Bullying has found a new home beyond the playground (via ThinkProgress).
Nearly every American teenager has used social media, roughly 90% of 13- to 17-year-olds. Despite the benefits of online networking for kids — community engagement, enhanced communication and technical skills — constant connectivity poses real physical and emotional dangers. As kids become more plugged in at younger ages (consumer reports in 2011 revealed that 7.5 million Facebook users are under the age of 13) they are increasingly susceptible to the “stranger dangers” that lurk in the dark corners of the internet. Chief among these concerns is cyberbullying: harassment that happens on a virtual platform, where children are vulnerable 24 hours a day, seven days a week.
Cyberbullying commonly occurs via texting, as well as by email and social media sites (via Telegraph).
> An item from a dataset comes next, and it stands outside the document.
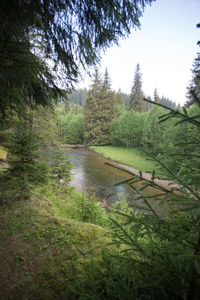 Scenic view of lake in forest against sky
Unlike conventional bullying, cyberbullies are able to hide under a cloak of anonymity when preying on their victims. Cyberbullying is far-reaching; surveys reveal that at least 25 percent of children have been victimized online. Recent research has also shown that victims are often subject to higher levels of depression after these virtually-induced traumas, compared to conventional schoolyard bullying.
Youth suicides are strongly correlated to cyberbullying. Canadian teen Amanda Todd posted a YouTube video chronicling the agony of being cyberbullied before taking her own life last month. In response to this and other tragedies, government agencies and anti-bullying advocates are pushing for more social awareness, but due to the rapidly evolving nature of technology, cyberbullying sources and trends are a challenge to track down.
In our interview with Carrie Goldman, author of recently published Bullied: What Every Parent, Teacher, and Kid Needs to Know About Ending the Cycle of Fear, she discussed her two-step strategy for combating cyberbullying. First, she promotes preventative measures, such as keeping social media account passwords private, and keeping revealing information or images from others. If the bullying has already started, Goldman urges parents to take screenshots, delete the content, and submit the evidence to the site administrator.
Despite the sobering prevalance of cyberbullying, there is reason for optimism. Support sites offer a community for victims to connect and commiserate with each other, and help develop a sense of belonging, rebuilding trust and confidence after being beaten down by perpetrators.
Signage can help foster bully-free environments (via MySecuritySign).
Cyberbullying is illegal in a majority of states. Still, it’s a law that’s extremely difficult to enforce. It’s understandably challenging for parents to decide how much they should and can monitor their kids’ digital activity, particularly as they grow older and more independent. To help caretakers strategize, the US Computer Emergency Readiness Team has compiled a list of suggested approaches to help shield children from cyberbullying acts. These include teaching kids proper online etiquette, monitoring warning signs, keeping open lines of communication, and reporting harassment or cyberbullying cases to appropriate authorities. As the electronic communication world merges with our daily lives, it is crucial that we continue to find solutions to protect our most vulnerable users.